■ **Exercise goal**
Write out the listing verbatim. No pictures belong in it.

■ **Given material**
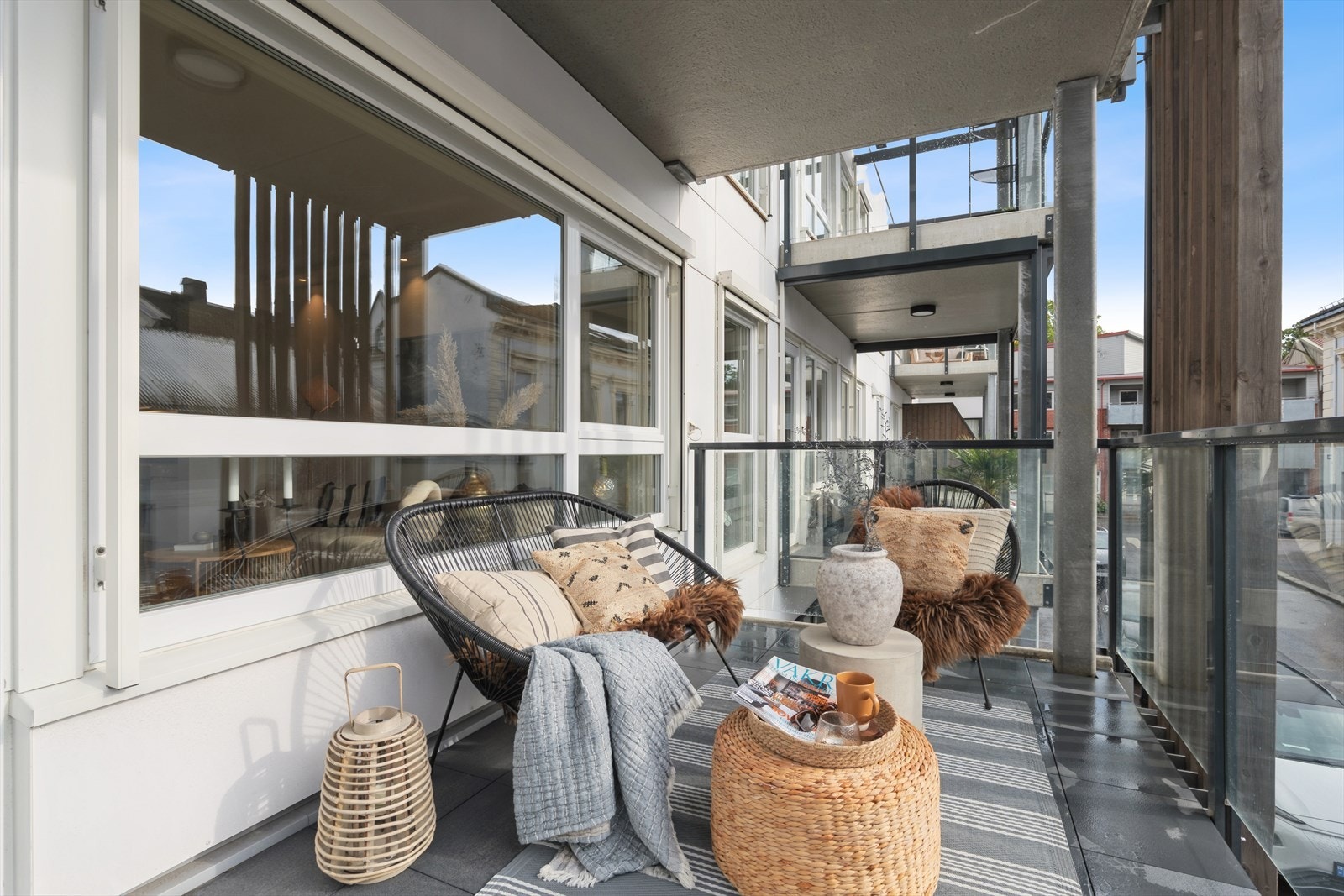 Balkong på 9 kvm. med utelys, stikkontakt og tillatelse til bruk av elektrisk grill. Galleribilde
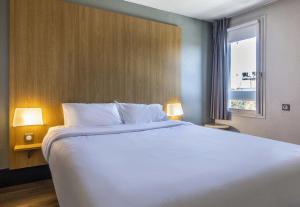 Hotels B&B HOTEL PERPIGNAN Nord Aeroport : photos des chambres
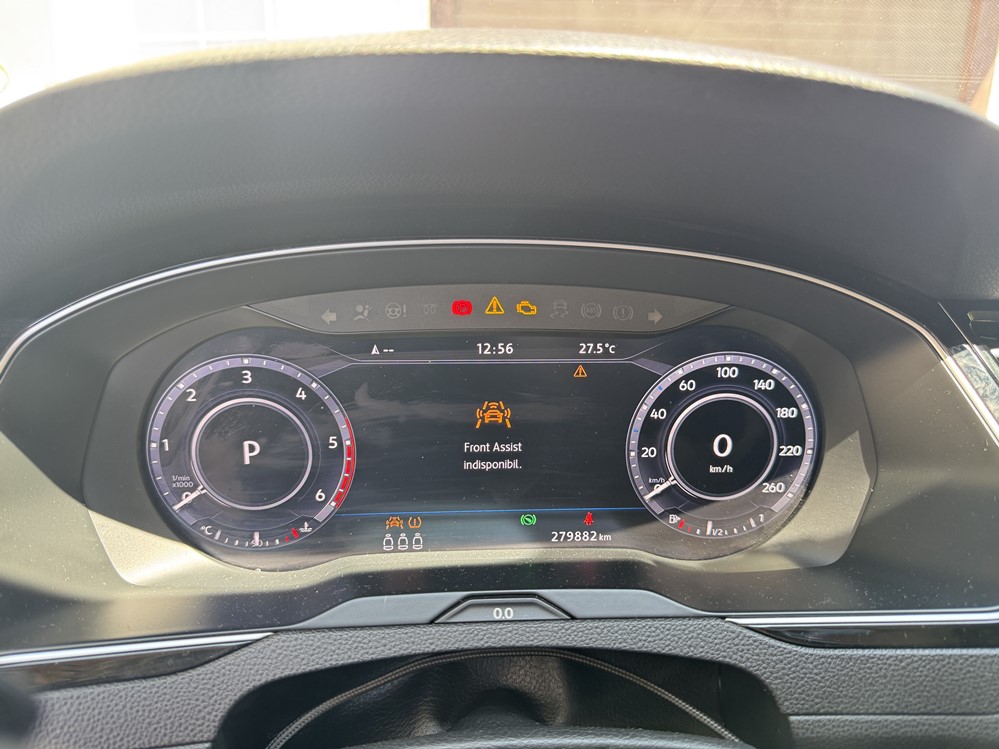 Montare 3 - VW Passat B8 2017 Remediere Eroare Ceasuri Digitale Bord Eroare B2000 41 Tablou De Bord Atelier Front Assist Indisponibil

■ **Answer for the task**
 Balkong på 9 kvm. med utelys, stikkontakt og tillatelse til bruk av elektrisk grill. Galleribilde
 Hotels B&B HOTEL PERPIGNAN Nord Aeroport : photos des chambres
 Montare 3 - VW Passat B8 2017 Remediere Eroare Ceasuri Digitale Bord Eroare B2000 41 Tablou De Bord Atelier Front Assist Indisponibil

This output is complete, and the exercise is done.